Interestingly, the authors rapidly dismiss the LLM’s hallucinations quagmire arguing that human oversight should take care of the issue. Furthermore, they say that the real economic value of such models depends on whether they can be used “productively” and thus impact overall productivity. But that seems to ignore the risks of using LLMs across the board with no explicit human oversight mechanisms. Policy interventions might also be required here, similar to those the authors suggest for ensuring productivity gains spread across society.
Others argue that such models have shown emergent abilities that will probably increase as models are refined and further developed. In LLMs, an ability is emergent when it pops up on a larger model but not on a smaller one. In other words, it is an ability we did not expect or predict emerging once models are scaled up. A raging debate on the topic is going on, totally overshadowing the hallucinations variable in the LLM equation. A recent paper suggests that emerging abilities are a mirage as they have been generated not by models but by the evaluation metrics used to measure their performance. Google’s AlphaGo is frequently used as an example of AI’s emerging abilities. However, finding and playing unconventional moves in a game constrained by particular rules just shows that humans have not explored all potential playing options. The same goes for Chess. When a human finds a new move or innovation, that does not mean she has a new ability, but instead, she is using her existing abilities to develop the game further.

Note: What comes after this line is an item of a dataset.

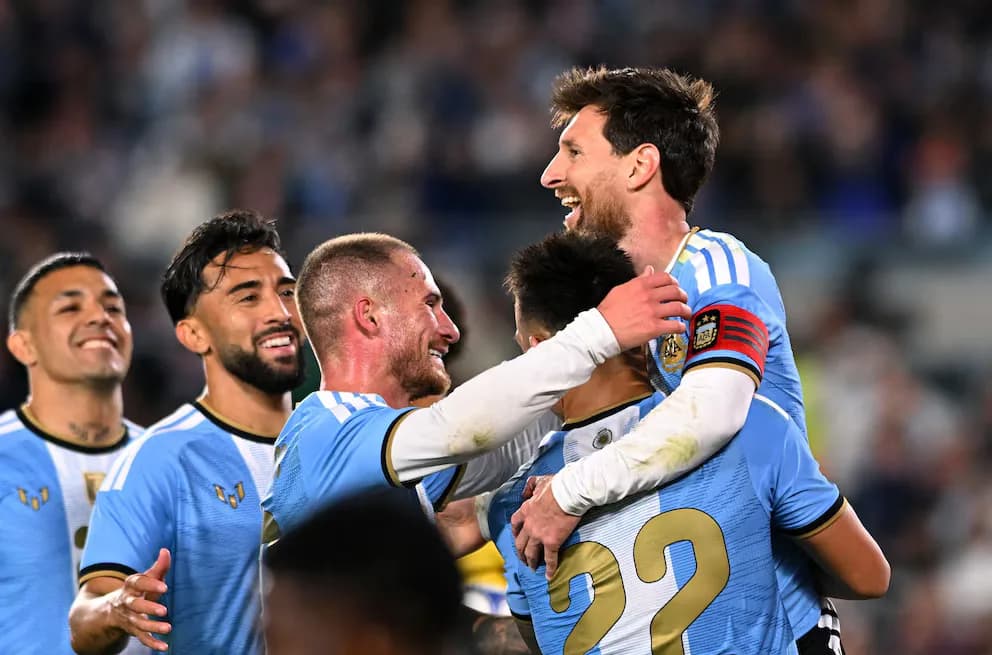 Messi se despidió de la Selección tras 21 años: «Es el día más triste de mi carrera»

The screenshot below depicts a ChatGTP hallucination that looks pretty real and could have easily passed a quick review.
Granted, my prompt could have been better designed. Regardless, not only did I not recognize any of the papers listed above, but after trying to check their DOIs, I discovered they did not exist or were pointing to papers unrelated to my question. Note, however, that journal names and volumes are real, and one can easily find them. I also asked for paper URLs and got links that returned page does not exist errors. I repeatedly tried to tell the chatbot about the mistakes but was offered no solution other than using a different platform to do such a search. I also submitted the same query to Bard and got similar results!
Not that this should be utterly surprising, not at all. What is surprising is the lack of concerted efforts to create tools and governance mechanisms to handle such hallucinations. I am aware this might not be an easy task. But that is not an excuse to not do anything about it. Hallucinations are the flip coin of “emerging abilities” with the difference that the former could have a significant negative social and political impact – despite being used “productively.”